Como recuerdan los profesores P. Senge y O. Scharmer, del MIT: “La calidad de los resultados de cualquier sistema depende de la calidad de las relaciones entre quienes lo sostienen.”. Si nuestras relaciones están marcadas por el ego, la ambición o la conveniencia, el sistema solo puede reproducir desigualdad, desconfianza, corrupción y violencia (de cualquier tipo). Más que la política misma, lo que está en crisis es la trama relacional que la sostiene. Por eso, ningún cambio puede limitarse a reformar estructuras como algo ajeno o etéreo; debe empezar por revisar los motivos íntimos que mueven a quienes las conformamos.

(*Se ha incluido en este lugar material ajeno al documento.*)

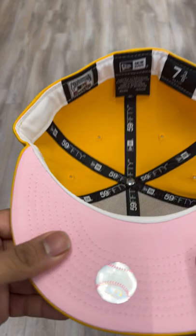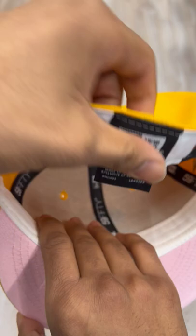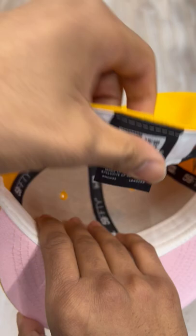The logo on the back is in yellow and white. It comes with a nice pink under brim and a white sweatband to complete it. This hat is 100% polyester and was made in Bangladesh.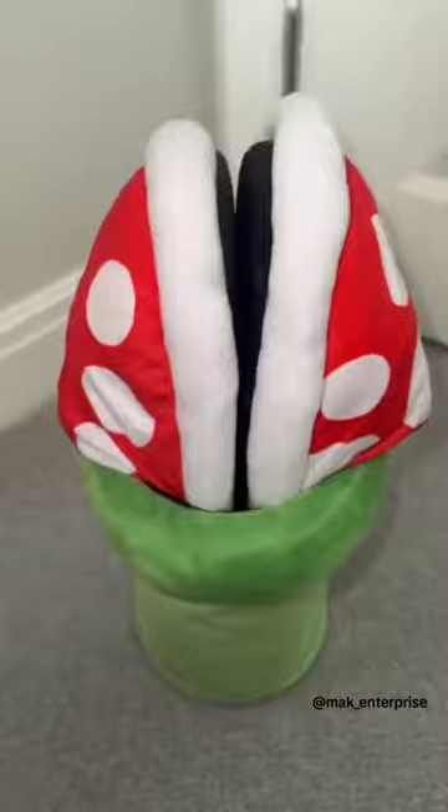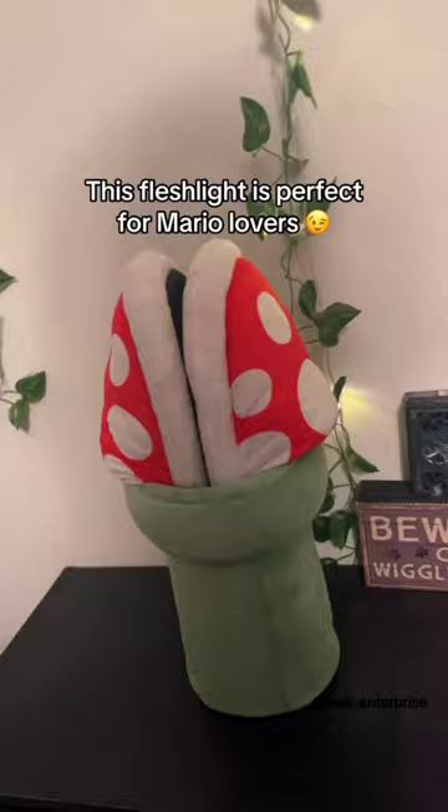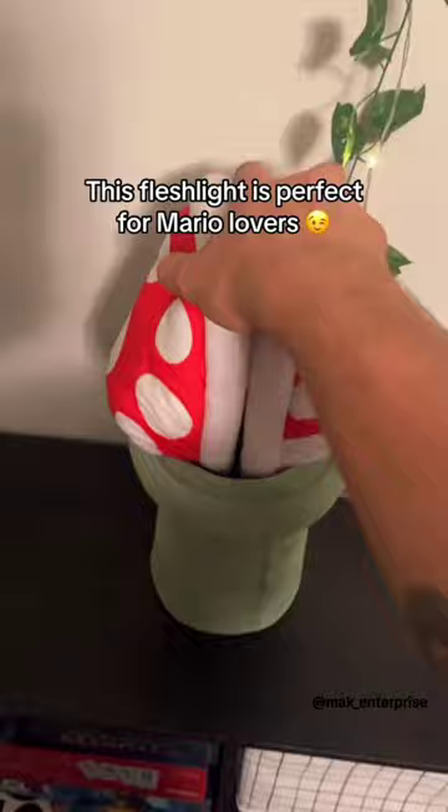Perfect fit, size 37 to 42, and comes with a plush pot. A whimsical gift for family and friends — experience cozy warmth and playful style with our Piranha Plant Slippers. Order now for warmth and fun in every step.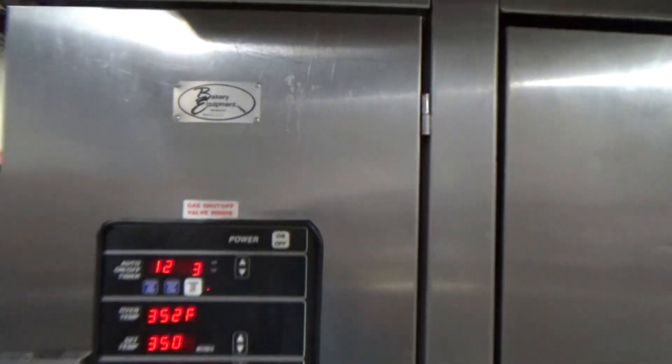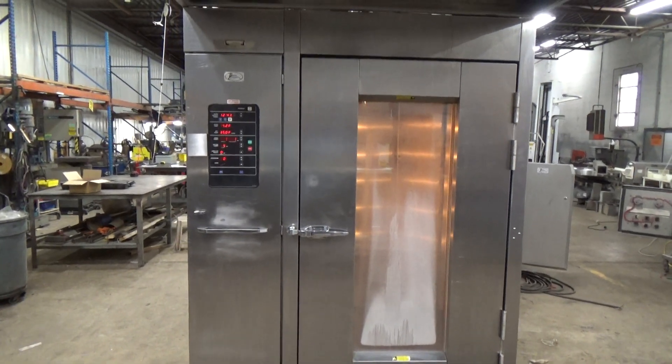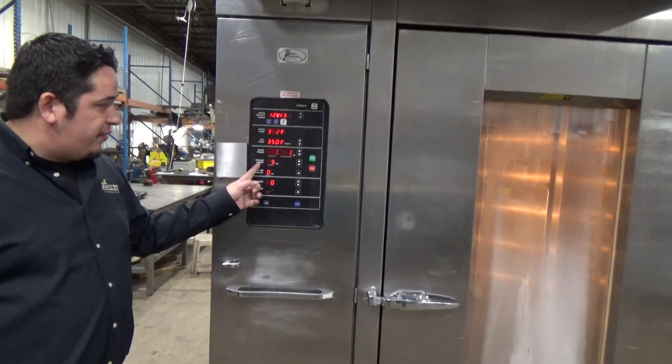This is a Hobart double rack gas oven, stock number 26024. Timer's set for a minute, steam is set for five seconds. We're going to hit start.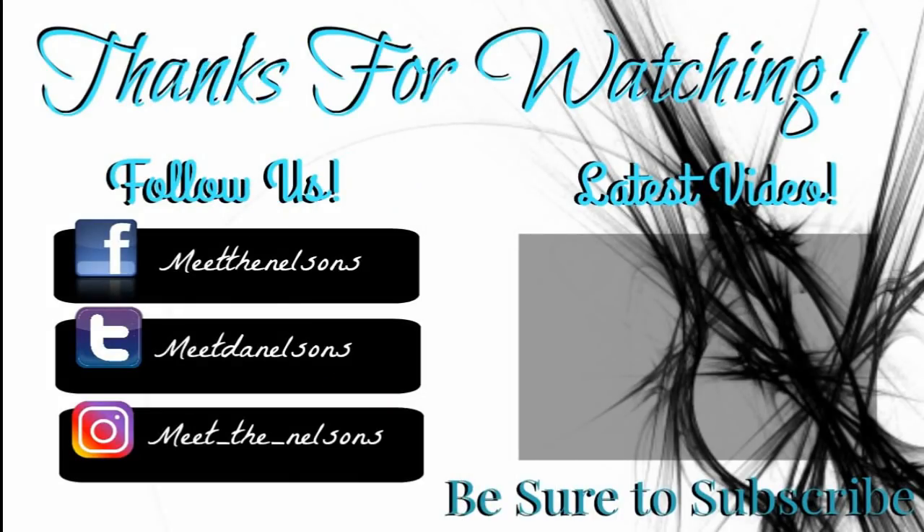Hey family, thanks for watching. Please be sure to follow us on Facebook, Twitter, and Instagram. Also check out our latest video and be sure to subscribe. Bye guys.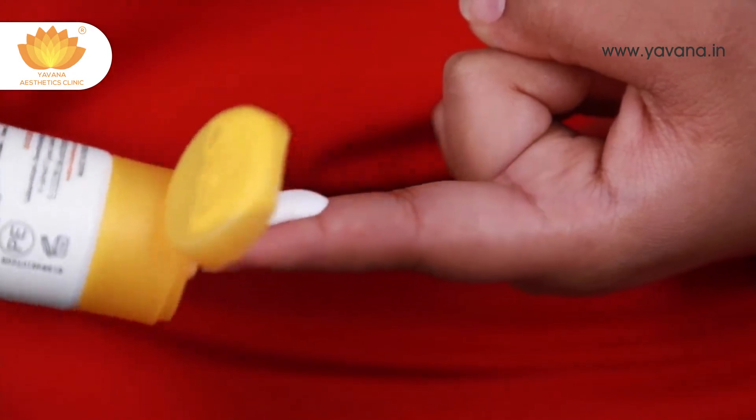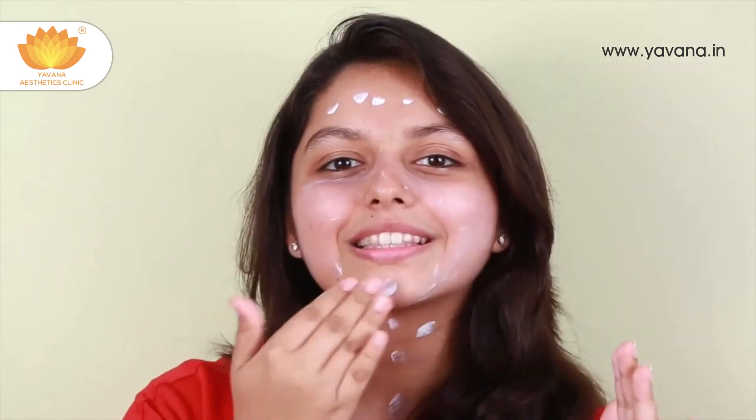Coming to the method of sunscreen application: take a fingertip unit of sunscreen, dot it all over your face, then spread it out and blend it well all over the face, including areas such as the eyes, ears, and neck. Make sure at the end of the day you remove or wash off your sunscreen.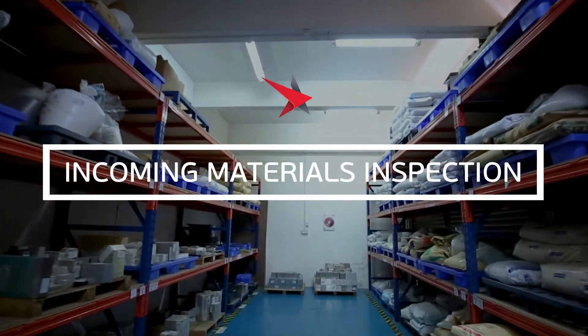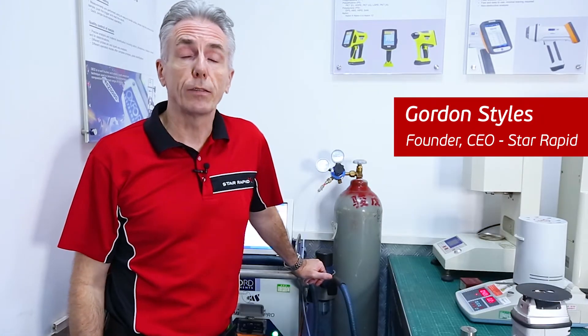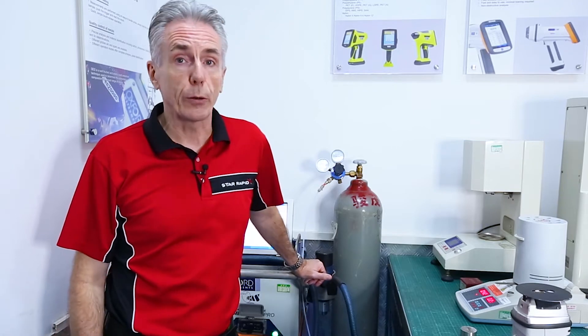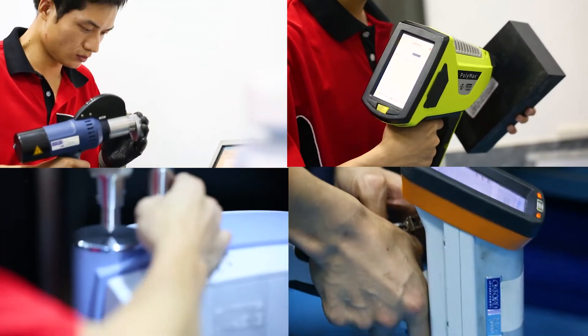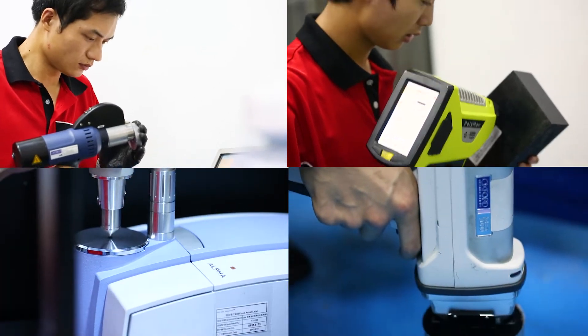Welcome to our materials goods inwards inspection department. In here we have a whole variety of different machines. We've spent hundreds of thousands of dollars on materials testing equipment. We've got four main pieces of testing equipment and they are effectively spectrometers.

Si parte del zeitgeist colombiano radica hoy en la plata, el poder y las balas, aquella célebre pregunta de Darío Echandía Olaya, sigue siendo una brújula ética para la nación: ¿el poder para qué? ¿Tanta plata para qué? ¿Empoderarse para qué? Quizás el verdadero cambio político no empiece en las urnas, sino en ese instante en que cada persona se detiene a preguntarse por qué cree lo que cree, por qué hace lo que hace, y para qué. Unas preguntas sencillas pero poderosas. Desde mi perspectiva, ningún poder vale la pena si no nos hace más humanos; si no amplía, al menos un poco, el espacio común de la justicia y la dignidad que Colombia necesita para sanarnos.